Directed by Ray Lawrence
Written by Beatrix Christian, based on the short story "So Much Water So Close to Home", by Raymond Carver
Laura Linney as Claire Kane
Gabriel Byrne as Stewart Kane
Chris Haywood as Gregory
Deborra-Lee Furness as Jude
John Howard as Carol
Leah Purcell as Carmel
Stelious Yiakmis as Rocco
Eva Lazzaro as Caylin-Calandria
Sean Rees-Wernyss as Tom
Alice Garner as Elissa
Simon Stone as Billy
Betty Lucas as Vanessa
123 Minutes(Rated R for disturbing images, language and some nudity. )
"Jindabyne" is a quiet masterpiece that gets you from the first frame and leads you on a two hour trance which ends with a bang. Well, more like a slap. Literally. This is based on the short story "So Much Water So Close to Home" by Raymond Carver, and if you think that the plot sounds familiar, its because it was one of the short stories featured in 'Short Cuts." Only here it is done in a much longer fashion, with much more intense characters and even well acted. I do love "Short Cuts" but it is clear that Gabriel Byrne and Laura Linney act much better than the unknown actors in the parts in that previous film. One may not want to see "Jindabyne" because they have technically seen this story once before, but I can assure you that the story has much more depth than the thirty minute Altman installment in "Short Cuts," and certainly does have more twists than you would expect.
"Jindabyne" is the story of a family-Stewart, Claire, and their little son Tom. They live in the historic town of Jindabyne, where the folks seem to care the most about fishing over anything else. Stewart and a group of friends plan on going on a fishing trip in the next weekend. Claire has had enough of fish, and has bigger things to worry about-especially when her son and the little girl next door bring and knife and pills to school with the intention of slaying the class rabbit. But Stewart writes everything off and is excited for the holiday. Working at a gas station every day seems to take its toll. The four men go on the fishing trip, and right when they are about to begin Stewart discovers the dead body of a girl. He begins to freak out, and the four of them debate on what to do, until it is clear. Tie the girl up by the leg, attach it to the base of a tree, leave it in the river, fish for two days, and then on Sunday they could report it as they are leaving. Of course this does not sit well with the people of the town, who question the morality of Stewart and the men. How could they live with themselves to spend a few days fishing while there is a dead girl only a few feet away? The family of the dead girl also begin to be disturbed, and the entire town seems to lash out at the men. Claire begins to become disturbed as well, and as she would want to stand by her husband she cares more about the well being of the dead girl's family, and makes it her mission to make them as comfortable as possible, no matter the cost to her own family.

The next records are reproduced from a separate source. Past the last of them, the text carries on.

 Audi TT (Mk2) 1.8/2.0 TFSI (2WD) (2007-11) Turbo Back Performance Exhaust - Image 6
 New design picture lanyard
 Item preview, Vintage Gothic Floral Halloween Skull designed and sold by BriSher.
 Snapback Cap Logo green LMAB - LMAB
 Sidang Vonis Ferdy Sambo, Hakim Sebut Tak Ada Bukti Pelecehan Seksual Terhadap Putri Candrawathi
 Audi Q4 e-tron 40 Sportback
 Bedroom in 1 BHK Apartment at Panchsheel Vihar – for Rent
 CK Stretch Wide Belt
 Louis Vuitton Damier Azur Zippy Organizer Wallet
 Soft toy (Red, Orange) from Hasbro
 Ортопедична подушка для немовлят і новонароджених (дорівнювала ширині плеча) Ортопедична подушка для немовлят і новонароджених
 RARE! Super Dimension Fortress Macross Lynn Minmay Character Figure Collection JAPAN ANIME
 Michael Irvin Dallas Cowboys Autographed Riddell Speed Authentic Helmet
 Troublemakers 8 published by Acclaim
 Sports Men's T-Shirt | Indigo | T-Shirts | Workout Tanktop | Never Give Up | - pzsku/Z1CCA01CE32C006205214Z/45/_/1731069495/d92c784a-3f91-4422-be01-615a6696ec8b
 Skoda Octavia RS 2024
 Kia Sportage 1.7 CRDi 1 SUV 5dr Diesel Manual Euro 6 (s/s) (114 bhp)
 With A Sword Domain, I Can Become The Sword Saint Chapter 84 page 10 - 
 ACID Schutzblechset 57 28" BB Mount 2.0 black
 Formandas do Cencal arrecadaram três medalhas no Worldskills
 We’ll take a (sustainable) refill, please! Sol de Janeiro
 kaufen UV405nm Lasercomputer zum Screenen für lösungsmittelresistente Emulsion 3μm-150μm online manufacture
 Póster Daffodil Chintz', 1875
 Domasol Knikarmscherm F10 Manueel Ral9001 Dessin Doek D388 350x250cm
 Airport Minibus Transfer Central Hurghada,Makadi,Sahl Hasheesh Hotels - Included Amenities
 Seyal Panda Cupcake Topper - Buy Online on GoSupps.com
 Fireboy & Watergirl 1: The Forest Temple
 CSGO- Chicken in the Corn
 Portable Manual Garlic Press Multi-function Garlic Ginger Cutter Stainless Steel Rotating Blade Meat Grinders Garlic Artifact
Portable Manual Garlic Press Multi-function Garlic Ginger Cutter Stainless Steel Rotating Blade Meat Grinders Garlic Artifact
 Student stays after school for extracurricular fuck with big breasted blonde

"Jindabyne" attempts to be a few things, always generating tension and always being engrossing. The film starts in "Zodiac" style, with a woman driving down the road being pursued by an old man in a truck. This is, of course, the dead girl from the lake, and while we don't see the murder, the man's presence throughout the film always makes tension. Director Ray Lawrence does every scene with precision and a very creepy style. The score adds to the disturbing feelings. Take one scene where Laura Linney's Clare is swimming the lake with her son. She has her son sit on the edge of the beach so that she could just swim out to the center of the lake quickly and then come back. When in the center of the lake she sees this man (who we know as the murderer) asking the kid a question, and she hurries back to the beach but he is gone by the time she gets there. Now this scene has easy tension-for the viewer we know what this man is capable of. But the music is haunting, and applies to the scene. It's quiet, but eerie, as is the whole film. The disturbing nature of the film also comes from the story, but at the same time we understand Stewart and the men's point. And then there are times when you wonder how they could have ever done such a thing.
This is not exactly an easy film to get through. After the screening, where there were only a small handful of people on a Sunday night, there wasn't much of general love for it. It is slow, and unfolds slowly. The actual discovery of the body happens about forty minutes into it, but it really engrosses you into the characters. Gabriel Byrne isn't one of my favorite actors, but he seriously surprised me with his work here. Laura Linney turns in yet another powerhouse performance, and while it may seem like Byrne is the main character she really is. This film is about how the town's reaction effects her, and not Stewart and the men. "Jindabyne" is a study of the effect of death on people, and silently floats to one of the year's best. This is a haunting little movie, expanding an interesting tale already laid out twelve years ago.